ただでさえ、物件は購入した瞬間にその資産価値は一気に下がります。購入する際にはがっぽりと手数料が上乗せされているので、当たり前ですよね。
更に、ローンを払い終えた頃には多くの場合20年も30年も時間が経っているわけですので、経年劣化などで資産価値が下がっていることもご理解いただけると思います。
そもそもローン返済時には追加で金利も払っています。

以上を踏まえたとき、果たして住宅ローンを払い終える頃にも思ったような資産価値を持ち続けてくれているでしょうか。
絶対に価値が上がる物件が買えるには、この項目はクリアですね。

※出典:総務省「国勢調査」
    国立社会保障・人口問題研究所「日本の将来推計人口(令和5年推計)」

維持費がかかり続ける

資産価値としては下がっても、家賃を払い続けるよりはトータルで考えたときにお得だ、と言う方がいるかと思います。
物件によっては、そうかもしれません。
ただ、忘れてはいけないのは、マイホームに住む場合でも、維持費がかかり続けることです。
管理費(マンションの場合)や修繕費、固定資産税などですね。
賃貸の場合にかかる共益費などは、大した額にはなりません。

引越しが難しくなる

新居に入ってから、以下の事態に直面したことがある方、以下のようなことを聞いたことがある方はいるのではないでしょうか。

  • 近所に変な人がいることを知った
  • 立地の不便さに気付いた
  • 周囲に嫌な施設が立つことになった

このようなときに、賃貸であれば最悪引越すことで対応可能です。
ただし、マイホームの場合は既に解説したように、簡単に出ていくことはできません。

災害リスクがある

マイホームには、災害リスクを伴います。
火災や地震などが該当します。
そのために、火災保険や地震保険に入るわけですね。
ただし、地震保険は建物の再建を目的としていません。生活の再建を目的としています。

地震保険は、地震等による被災者の生活の安定に寄与することを目的として、民間保険会社が負う地震保険責任の一定額以上の巨額な地震損害を政府が再保険することにより成り立っています。

財務省:「地震保険制度の概要」

建物が壊れた場合、それを建て直すほどの保険金は出ないということです。

賃貸の場合は、そもそも不要です。
自分の家ではないので、どうなろうと関係ありません。
入るとしたら家財補償になると思いますが、これについても、正直不要だと考えています。

ローンの返済リスクと金利変動リスクがある

住宅ローンを組んでマイホームを購入する場合、ローンを返済できなくなるリスクがあります。
会社をクビになって、あるいは病気になって収入がなくなる、などがその原因になり得ます。
賃貸の場合だと、そういった場合でも家賃の低い物件に引っ越す、一時的に実家に住まわせてもらう、など対応方法はいくつか考えられますが、ローンの返済は、多くの場合待ってくれません。
ローンを返済するために別のところでお金を借りる、など地獄のスパイラルに陥り、自己破産する人も一定数いるようです。
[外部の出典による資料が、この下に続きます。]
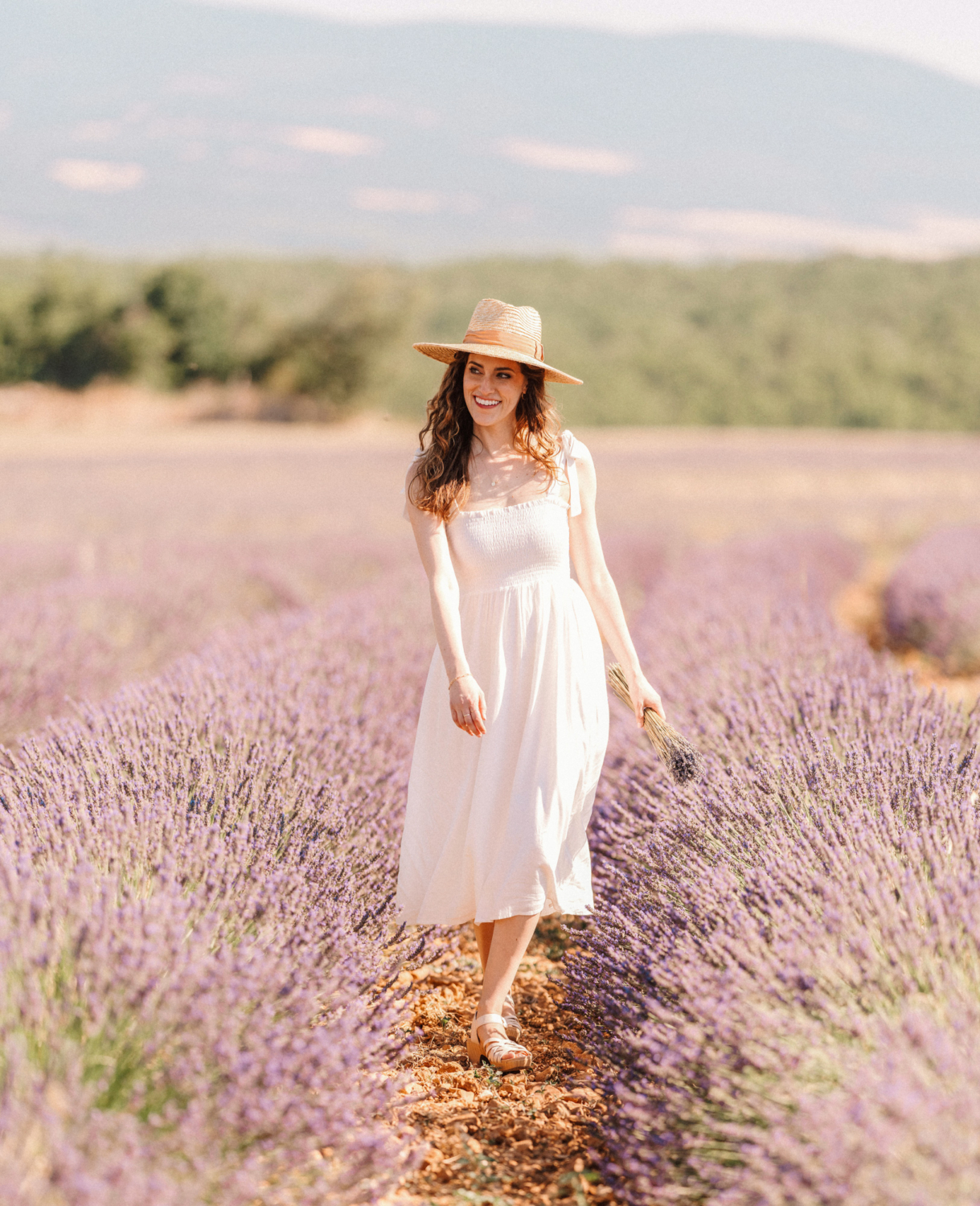 woman walks in lavender field wearing hat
ローンに関しては、金利変動リスクも持ち合わせています。
今は低金利ですが、今後どうなるか分かりません。変動金利の場合、数十年前そうだったように、高金利に戻り可能性だってあります。
その場合、返済額が一気に跳ね上がります。

家族の構成変化に対応できない

特に近年は生涯1人で暮らすことを決める方は増えましたが、それでも多くの方にとって人生の中で家族構成は変化していくことでしょう。
例えば、1人から結婚して2人に、子どもが産まれて3人に、子どもが独立して2人に、そしてパートナーと死別して1人に、などですね。

3人の時期に家を購入した場合、2人になったら場所を持て余すことでしょうか。
その場合、その期間の持て余した無駄なスペースのための費用を住宅購入資金の一部として払ってしまったということになります。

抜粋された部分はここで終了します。